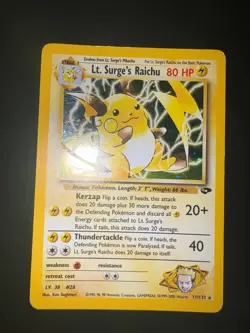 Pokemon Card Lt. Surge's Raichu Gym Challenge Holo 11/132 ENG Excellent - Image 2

* * *

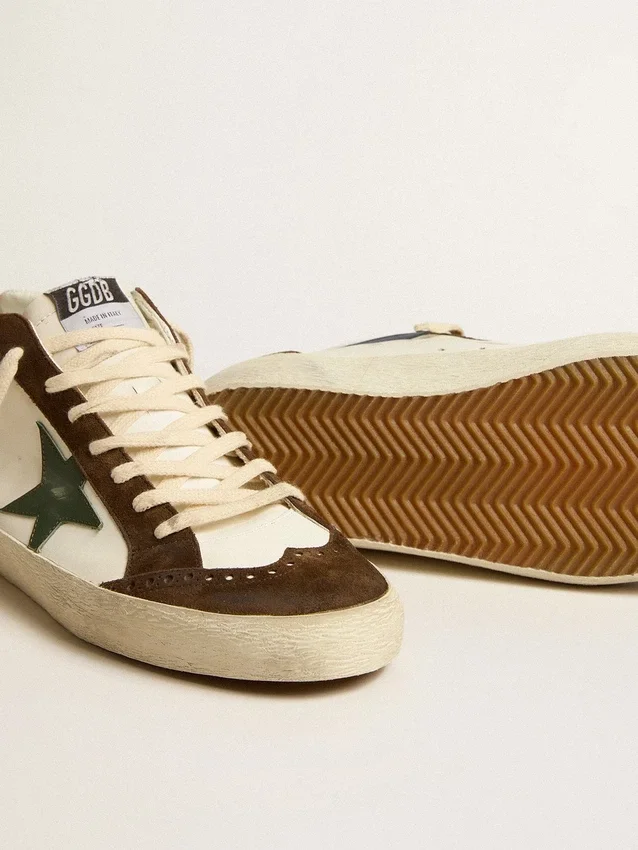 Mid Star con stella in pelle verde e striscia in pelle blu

==

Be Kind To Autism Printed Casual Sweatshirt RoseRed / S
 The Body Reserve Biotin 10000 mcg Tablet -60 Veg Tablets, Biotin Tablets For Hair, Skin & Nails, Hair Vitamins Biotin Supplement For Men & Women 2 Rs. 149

ABOUT THIS EXERCISE:
Restate word for word the lines of the data above, starting at the line containing "Be Kind To Autism" and ending at the line containing "The Body Reserve", both included, and nothing more.

SOLUTION TO THE PROBLEM:
Be Kind To Autism Printed Casual Sweatshirt RoseRed / S
 The Body Reserve Biotin 10000 mcg Tablet -60 Veg Tablets, Biotin Tablets For Hair, Skin & Nails, Hair Vitamins Biotin Supplement For Men & Women 2 Rs. 149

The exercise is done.